I like this idea and will implement it for v2. I'm not keen on the idea
of artificially having multiple independent swqueues (yes, I'll think of
a less evil name) per-LLC to avoid contending, but sharding like this
seems like a simple but effective solution to the scalability issue;
assuming having a sufficiently high N doesn't slow down the pop path by
too much as you pointed out below.

> there is an obvious race where it might see a non-empty queue, but race
> on lock and find the queue empty once acquired, but meh.

Yep, I would be surprised if this race caused a problem in practice.
Especially if we spread the poppers by starting iteration based on the
cpu->shared map as you suggested.

> > > I'm thinking 4 or 8 shards should be plenty, even for Intel LLC.

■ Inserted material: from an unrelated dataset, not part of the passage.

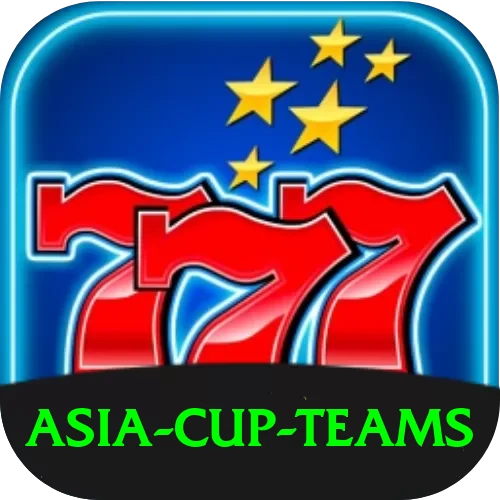 asia cup teams Turbo vv1.5.4 - 2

I'll try out a few combinations and see what works.

> > >
> > > > #ifdef CONFIG_SMP
> > >
> > > > +static struct task_struct *swqueue_pull_task(struct swqueue *swqueue)
> > > > +{
> > > > + unsigned long flags;
> > > > +
> > > > + struct task_struct *p;
> > > > +
> > > > + spin_lock_irqsave(&swqueue->lock, flags);
> > > > + p = list_first_entry_or_null(&swqueue->list, struct task_struct,
> > > > + swqueue_node);
> > > > + if (p)
> > > > + list_del_init(&p->swqueue_node);
> > > > + spin_unlock_irqrestore(&swqueue->lock, flags);
> > > > +
> > > > + return p;
> > > > +}
> > >
> > > Would this not normally be called pop() or somesuch?
> >
> > Yes, I'll improve the name in the next iteration. swqueue_dequeue() and
> > swqueue_enqueue() seem like the most canonical. Let me know if you have another
> > preference.
>
> Well, there's two layers intermixed here, which is, I think, what gave
> rise to the whole wonky naming.
>
> If you implement the queue primitives as: push, pop, del
> and then build, using them, the scheduler primitives: enqueue, dequeue,
> pick, things should become saner.

Right, will do

> > > > + if (!task_wakeup || task_migrated || p->nr_cpus_allowed == 1)
> > > > + return;
> > >
> > > Elsewhere you mentioned heuristics, this smells like them. This and the
> > > is_cpus_allowed() thing makes you loose plenty of opportunities.
> >
> > Yeah fair enough, these certainly are heuristics as well.
> >
> > I thought it best to try and avoid swqueue getting in the way of
> > select_task_rq_fair() (at least to start out with), but we could always
> > remove that and run other experiments to see how it does.
>
> So, part of the problem is that you might be hooking at the wrong level
> (see also my earlier email about the queue only containing running tasks
> and none of the ready tasks).
>
> If you were to hook at the __{en,de}queue_entity() level you'll
> automagically dequeue running tasks and enqueue any ready tasks. OTOH
> you get to deal with the problem that not all entities are tasks, but
> that shouldn't be too hard.
>
> Also, you end up with more enqueue/dequeue -- so that might hurt.

If this doesn't cause untenable contention then it seems preferable if
the overall goal is work conservation. Using your shard idea would
hopefully mitigate that concern somewhat as well. I'll try this out for
v2 and compare it to keeping the enqueues to only be on the wakeup path.

If there's too much contention we can always just go back to the wakeup
case, but I'm hopeful this works out.

> Also, at this point you're nr_cpus/N away from simply scanning the
> runqueues and pulling things from non-empty runqueues. But for large
> nr_cpus and smallish N it might be a win over-all. Dunno..

Given that we're not seeing any contention on smaller LLCs but still
observing perf wins, I'm optimistic.

Thanks,
David